A Strong Baseline for Molecular Few-Shot Learning
Philippe Formont, Hugo Jeannin, Pablo Piantanida, Ismail Ben Ayed
TL;DR
The paper addresses molecular few-shot learning under data scarcity by revisiting simple fine-tuning instead of meta-learning. It introduces a quadratic-probing classifier based on Mahalanobis distance with class prototypes $w_k$ and precision matrices $M_k$, optimized via block-coordinate descent with a shrinkage-regularized surrogate to prevent degenerate covariance growth, and it uses a multitask GNN backbone pretrained on FS-mol. On FS-mol and out-of-domain shifts, the quadratic probe (and the linear probe) yield competitive or superior performance compared to state-of-the-art meta-learning approaches, demonstrating robustness to domain shifts and applicability in black-box settings. The work also provides extensive ablations and domain-shift benchmarks, including imbalanced QSAR targets and large-scale HTS library screening, illustrating practical advantages of simple fine-tuning baselines.
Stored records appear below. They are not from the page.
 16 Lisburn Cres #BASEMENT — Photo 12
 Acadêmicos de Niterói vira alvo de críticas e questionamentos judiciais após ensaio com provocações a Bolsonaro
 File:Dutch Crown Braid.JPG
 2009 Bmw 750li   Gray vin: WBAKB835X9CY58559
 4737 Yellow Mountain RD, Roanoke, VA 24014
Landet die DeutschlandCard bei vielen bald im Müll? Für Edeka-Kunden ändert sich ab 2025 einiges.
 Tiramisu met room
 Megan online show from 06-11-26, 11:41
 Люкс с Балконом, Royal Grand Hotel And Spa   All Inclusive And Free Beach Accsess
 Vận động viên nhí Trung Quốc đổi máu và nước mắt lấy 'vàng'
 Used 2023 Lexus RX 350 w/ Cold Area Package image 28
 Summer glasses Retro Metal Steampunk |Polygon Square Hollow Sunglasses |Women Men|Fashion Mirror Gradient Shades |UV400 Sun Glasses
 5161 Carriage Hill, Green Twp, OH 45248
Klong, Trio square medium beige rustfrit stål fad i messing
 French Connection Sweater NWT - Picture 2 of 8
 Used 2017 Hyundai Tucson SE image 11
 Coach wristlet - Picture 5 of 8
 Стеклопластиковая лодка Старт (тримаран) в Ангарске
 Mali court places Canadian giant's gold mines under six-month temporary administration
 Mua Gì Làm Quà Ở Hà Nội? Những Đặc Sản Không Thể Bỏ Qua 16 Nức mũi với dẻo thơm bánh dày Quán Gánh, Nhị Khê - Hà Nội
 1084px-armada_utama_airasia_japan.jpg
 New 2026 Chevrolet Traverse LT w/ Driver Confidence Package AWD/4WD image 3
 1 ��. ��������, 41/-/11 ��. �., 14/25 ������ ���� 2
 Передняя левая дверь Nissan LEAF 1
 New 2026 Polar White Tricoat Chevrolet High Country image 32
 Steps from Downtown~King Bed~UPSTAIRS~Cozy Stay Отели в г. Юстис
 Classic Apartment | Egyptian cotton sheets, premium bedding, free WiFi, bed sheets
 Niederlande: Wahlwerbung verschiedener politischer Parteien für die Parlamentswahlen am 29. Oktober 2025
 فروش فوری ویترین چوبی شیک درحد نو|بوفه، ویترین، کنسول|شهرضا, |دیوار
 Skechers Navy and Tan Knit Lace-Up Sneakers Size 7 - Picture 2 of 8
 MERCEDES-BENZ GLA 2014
Overall, the proposed methods offer efficient, robust few-shot classifiers for drug discovery tasks, with the quadratic probe delivering the best average gains and strong resilience to distribution shifts, and the authors release their code for reproducibility.
Abstract
Few-shot learning has recently attracted significant interest in drug discovery, with a recent, fast-growing literature mostly involving convoluted meta-learning strategies. We revisit the more straightforward fine-tuning approach for molecular data, and propose a regularized quadratic-probe loss based on the the Mahalanobis distance. We design a dedicated block-coordinate descent optimizer, which avoid the degenerate solutions of our loss. Interestingly, our simple fine-tuning approach achieves highly competitive performances in comparison to state-of-the-art methods, while being applicable to black-box settings and removing the need for specific episodic pre-training strategies. Furthermore, we introduce a new benchmark to assess the robustness of the competing methods to domain shifts. In this setting, our fine-tuning baseline obtains consistently better results than meta-learning methods.